Title :
Recognizing Vietnamese Online Handwritten Separated Characters
Author :
Duy Khuong Nguyen ; The Duy Bui
Author_Institution :
Coll. of Technol., Vietnam Nat. Univ., Hanoi
Abstract :
Vietnamese alphabet is based on the Latin alphabet with the addition of nine accent marks or diacritics - four of them to create additional sounds, and the other five to indicate the tone of each word. Because Vietnamese is a tonal language that uses tone to distinguish words, recognizing diacritics is an important part in recognizing Vietnamese word. However, in written form, diacritics are much smaller then the characters, which make very them hard to recognize. Previous works on Vietnamese characters recognition often pre-process input with a graph-based approach by trying to separate the main characters with their diacritics by determining connected regions at pixel level. This approach, however, only works well where the input contains only characters with separable diacritics, for example, scanned image of printed documents. We propose in this paper a robust method to recognize online Vietnamese characters with diacritics. Using cosine transformation with appropriated sampling algorithms, we represent multiple strokes of a character together in a single set of features. This set of features is then used as the input for a well designed machine learning based system.
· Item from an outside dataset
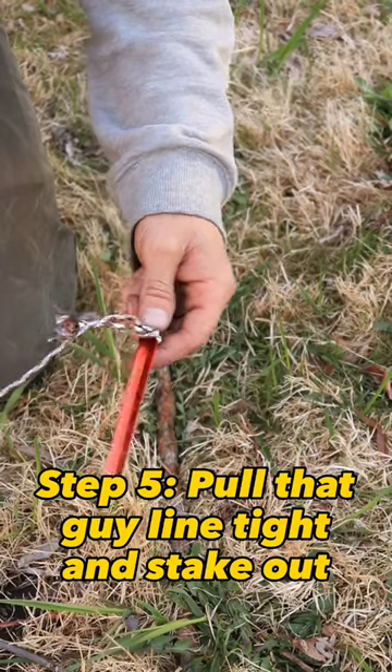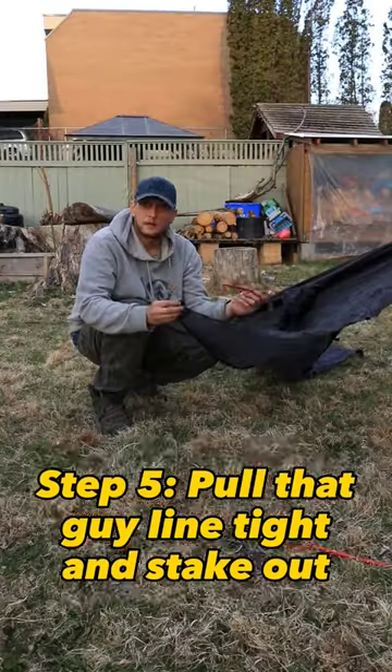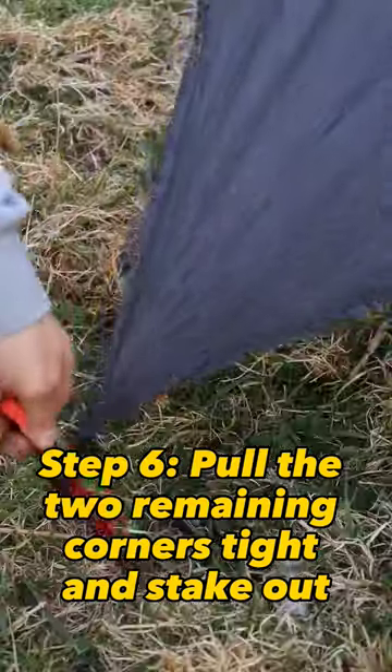Step five, pull that guy line tight and stake out. Step six, pull the two remaining corners tight and stake out.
We have tested our system on the combination of Vietnamese characters with diacritics and Section 1c (isolated characters) of the Unipen data set, and have obtained very competitive results.
Keywords :
discrete cosine transforms; graph theory; handwritten character recognition; natural language processing; word processing; Latin alphabet; Vietnamese alphabet; accent marks; character recognition; cosine transformation; diacritics; online handwritten separated characters; Character recognition; Educational institutions; Handwriting recognition; Information technology; Keyboards; Learning systems; Machine learning algorithms; Natural languages; Pixel; Robustness; Vietnamese online handwriting recognition;
Conference_Titel :
Advanced Language Processing and Web Information Technology, 2008. ALPIT '08. International Conference on
Conference_Location :
Dalian Liaoning
Print_ISBN :
978-0-7695-3273-8
DOI :
10.1109/ALPIT.2008.58